Friday, November 8, 2013

A Bit of History from The Other Jeff

I've been blogging on higher education, among other topics, intermittently for a while at The Other Jeff. I'll start this new blog with a few highlights from the old.

One of the big themes in higher education policy has been cost. Soaring costs. Uncontrollable costs. Extravagant costs. Administrative bloat costs. I've had a couple of posts on that, one responding to the 2013 State of the Union Address and one to Secretary of Education Arne Duncan. Both take the perspective that that "cost" problem confuses cost per student with cost to students, and thus is really a very different problem for different institutions. For UVU, the problem really is state appropriations. Our inflation-adjusted spending per FTE has remained basically constant since the 1990s. During that time funding has been slashed.
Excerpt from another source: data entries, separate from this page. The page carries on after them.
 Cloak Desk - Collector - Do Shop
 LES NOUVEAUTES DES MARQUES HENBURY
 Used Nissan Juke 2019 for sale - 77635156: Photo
Students, of course, pay the price. Cost was also one of 12 supposedly inconvenient truths about higher education that economist Richard Vedder posited that I got about halfway through taking down before other duties called.
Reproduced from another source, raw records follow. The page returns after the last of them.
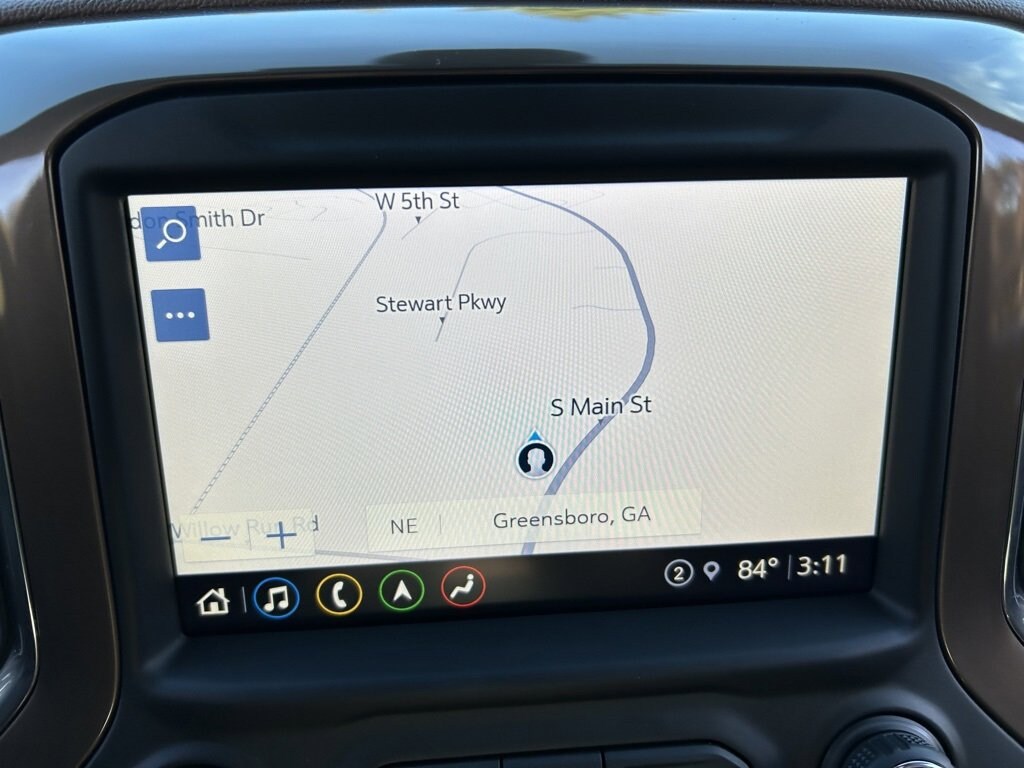 Used 2021 Chevrolet Silverado 2500 HD High Country Truck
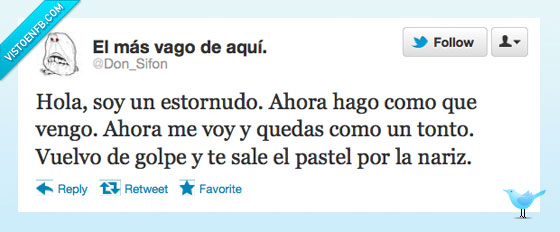 Sorpresa,Pastel,Moco,Estornudo,Estornudar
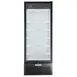 Beverage Air MT23-1B 29" 1-Section Marketeer Glass Door Merchandiser in Black, 19.2 cu. ft. 3 image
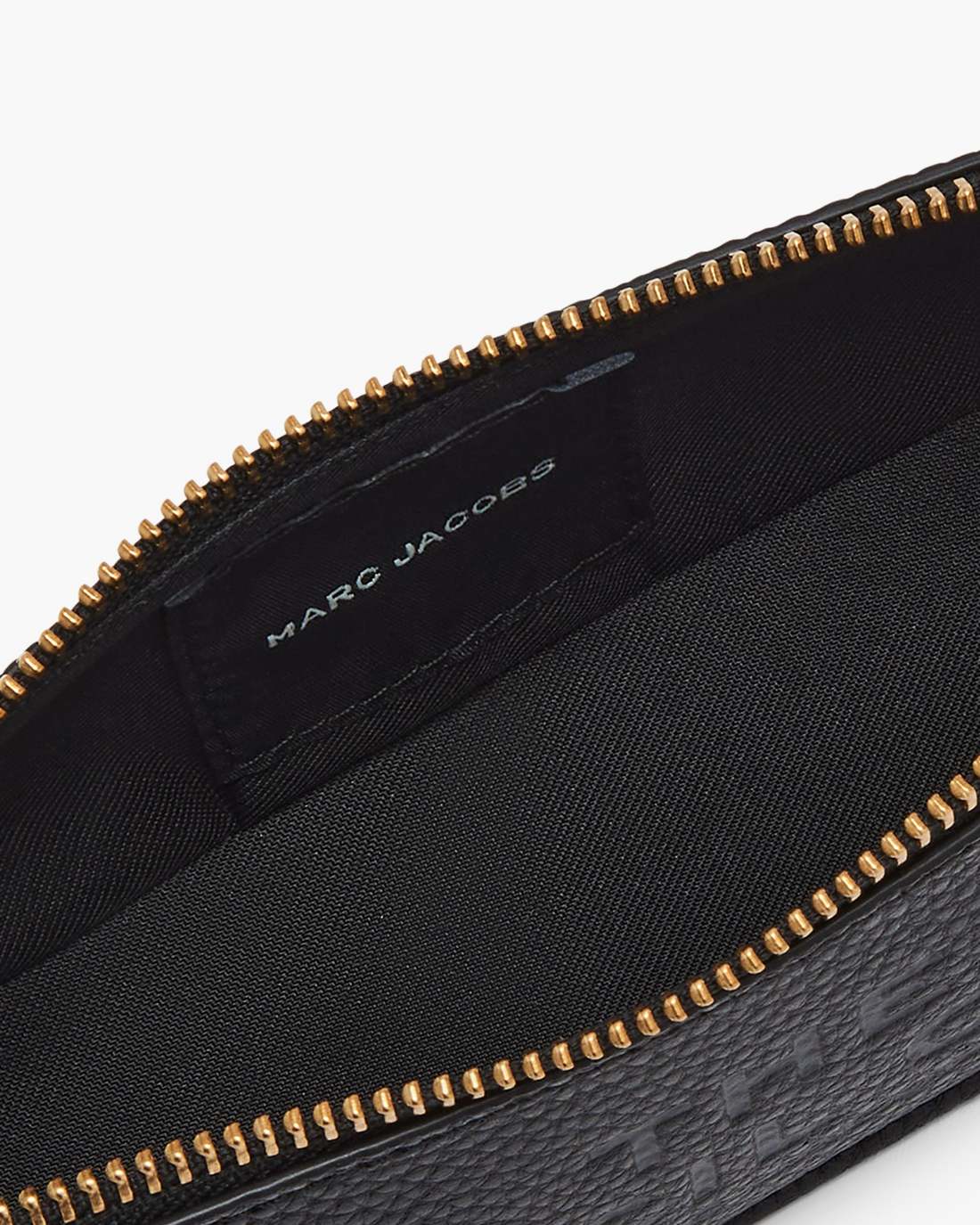 Marc Jacobs Sale - The Pencil Case Black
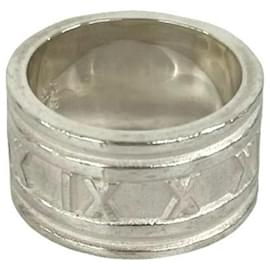 Tiffany & Co Tiffany Atlas Ring aus Sterlingsilber 925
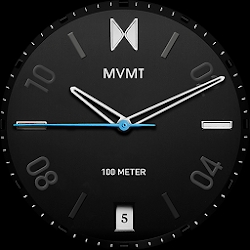 MVMT - Modern Sport Watch Face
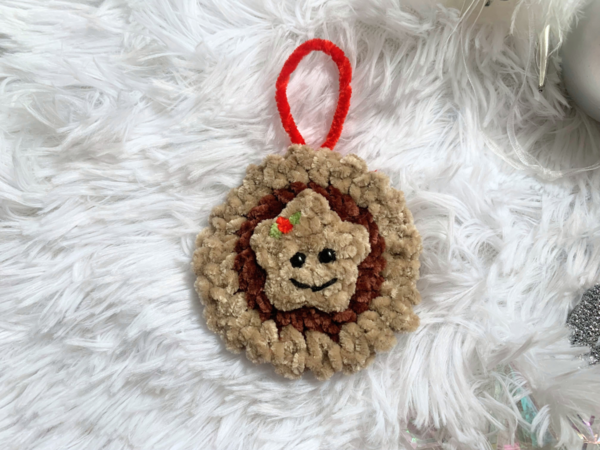 Mince Pie Christmas Ornament Mince Pie Christmas Ornament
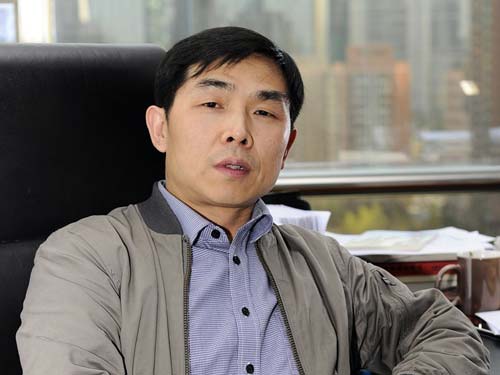 田科武拟任北京青年报社总编辑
Another big theme that I've addressed repeatedly is my research on how educational institutions use data. I've argued at several conferences that "big" data processes such as data mining and predictive analytics raise some very serious ethical concerns. That has morphed into a more argument that we need to think about data as an issue of social justice, both within and beyond higher ed. This spring I'll be presenting papers on the constructive nature of educational data processes and how that embeds a host of normative issues in the data itself and the conclusions we draw from it.

"The Other Jeff" wasn't a higher ed planning blog specifically, so there's a lot of other content there: a good bit on teaching, a lot of rather abstract political analysis and philosophy (strange for a former political theorist, I know), and a few rather random musings on life, the universe, and everything.